Owner: agent. What it does: dmidecode, lscpu, lshw, lspci, smartctl -i over each block device, nvidia-smi -q if present. The raw output is merged into a single JSON blob. Pass: the probes run to completion; missing optional tools (e.g. nvidia-smi on a GPU-less host) are tolerated. Artifacts: inventory.json under artifacts/run-<N>/.

Firmware

Owner: agent. What it does: probes firmware versions across all discoverable components: BIOS (dmidecode -t bios), BMC (ipmitool mc info), NIC firmware (ethtool -i per interface), NVMe firmware (nvme id-ctrl), HBA firmware (lspci -vv), and CPU microcode (/proc/cpuinfo). Missing tools are tolerated — a GPU-less server won't have nvidia-smi, a consumer board won't have ipmitool. Pass: always passes. Firmware is advisory-only; SpecValidate is the gate that fails on version mismatches. Artifacts: firmware_snapshots table rows (one per component, keyed by (run_id, component, identifier)).

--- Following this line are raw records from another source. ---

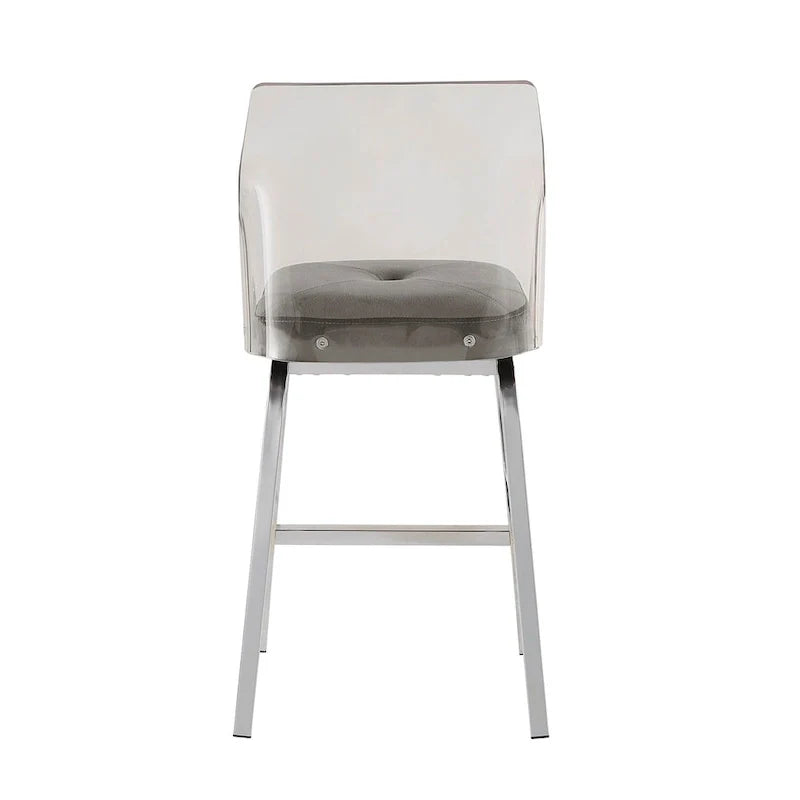 Swivel Counter Height Bar Stool Set with Acrylic Back and Upholstered Seat 25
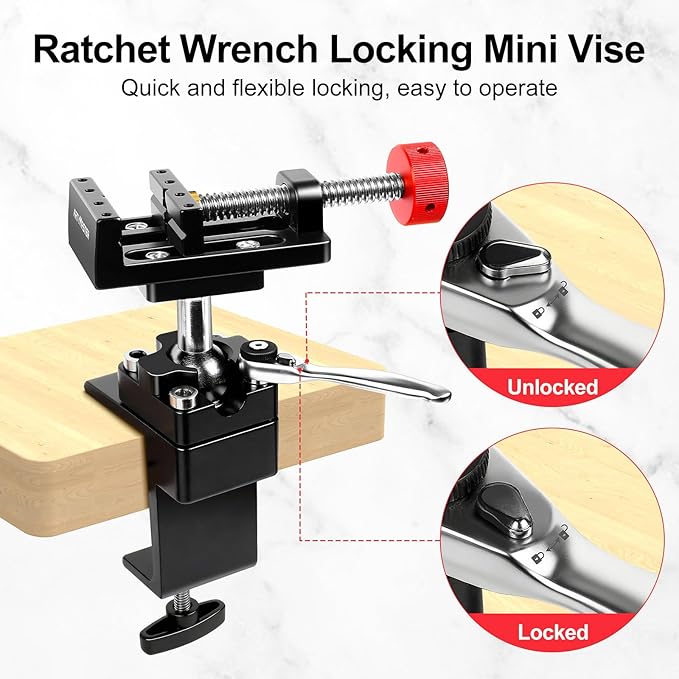 ArtyMaster 360° Rotating Mini Bench Vise with Quick-Release Ratchet Wrench, 2.48" General-Purpose Table Vise for Woodworking, Metalworking, Modeling, Mini Vice Clamp for Small Projects WT104C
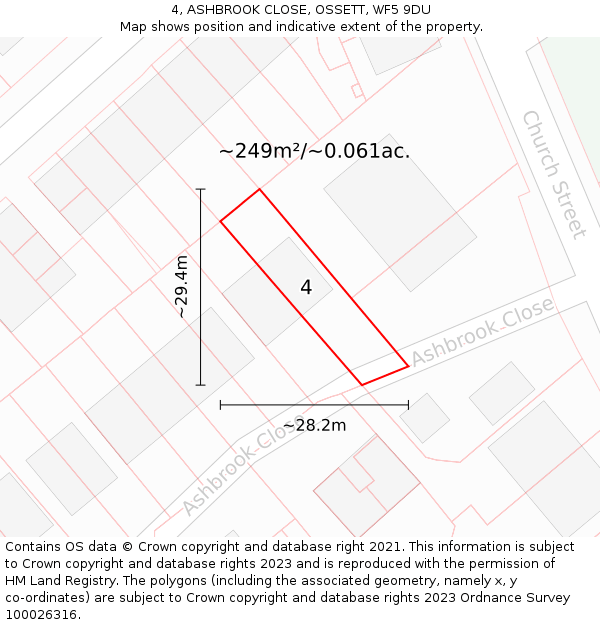 4, ASHBROOK CLOSE, OSSETT, WF5 9DU: Plot and title map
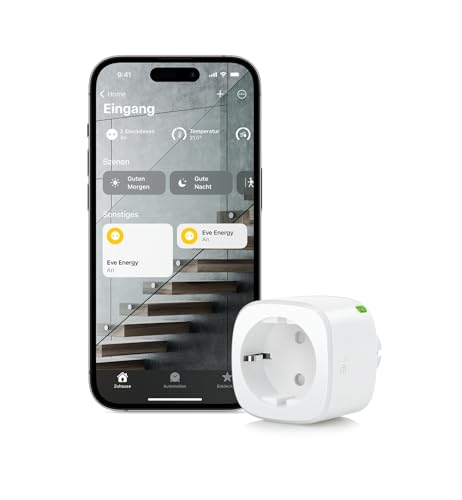 Eve Energy (Matter) – Smarte Steckdose, Matter & Thread, TÜV-zertifiziert, Stiftung Warentest: gut, funktioniert mit Alexa/Apple Home/Google Home/SmartThings/Home Assistant, Thread Border Router erf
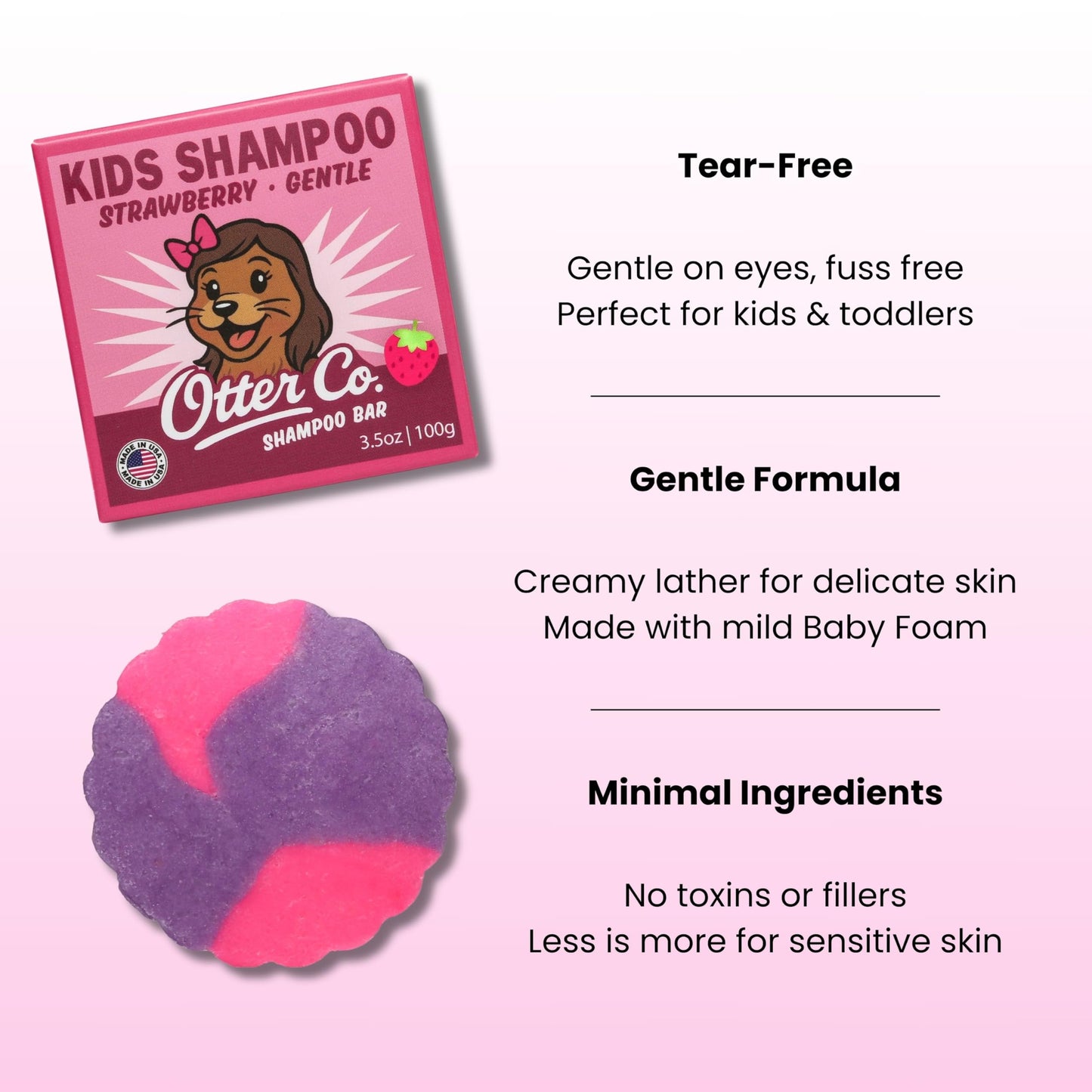 Otter Co. Kids Gentle Strawberry Shampoo Bar — Tear-Free, Sulfate-Free, Organic & USA Made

SpecValidate (orchestrator-owned)

Owner: orchestrator (resolves inline inside the /result for the preceding Inventory stage). What it does: diffs the submitted inventory against the host's expected_spec_yaml. The diff engine classifies each field as critical, warning, or info. Pass: zero critical diffs. Fail mode: fires a SpecMismatch notification; transitions run to Failed → FailedHolding. Artifacts: spec_diffs table rows (one per divergence).

SMART

Owner: agent. What it does: smartctl -a /dev/<disk> for each disk in the inventory's expected_disks. Parses reallocated-sector counts, pending sectors, end-to-end error counters, overall-health attribute. Pass: SMART overall-health is PASSED on every expected disk and reallocated-sector count is below threshold. Artifacts: smart-<disk>.txt raw output.

CPUStress

Owner: agent. What it does: runs stress-ng --cpu N --vm M --vm-bytes 90% -t 120s with N = logical_cores and M ≈ logical_cores/2. The --vm flag is the stand-in for Memtest86+: it exercises the memory subsystem under load and will fail if the RAM has latent faults that surface under thermal + allocator pressure. Pass: stress-ng exits 0 and thermal samples taken by the sidecar stay below the configured per-host max_temp_c. Caveat: weaker than a dedicated memtest pass; see architecture.md for the reasoning (Memtest86+ can't be signalled back without IPMI serial).

Storage

Owner: agent (destructive). What it does:

1. Wipe probe — scans for filesystem signatures, LVM metadata, partition tables on the expected disks. Any hit → halt with UnexpectedData; operator must click Override wipe-probe.
2. badblocks -svw (destructive read/write) on each expected disk.
3. fio --rw=randrw --bs=4k --iodepth=32 --runtime=60 --size=1G on each disk; captures IOPS and p99 latency.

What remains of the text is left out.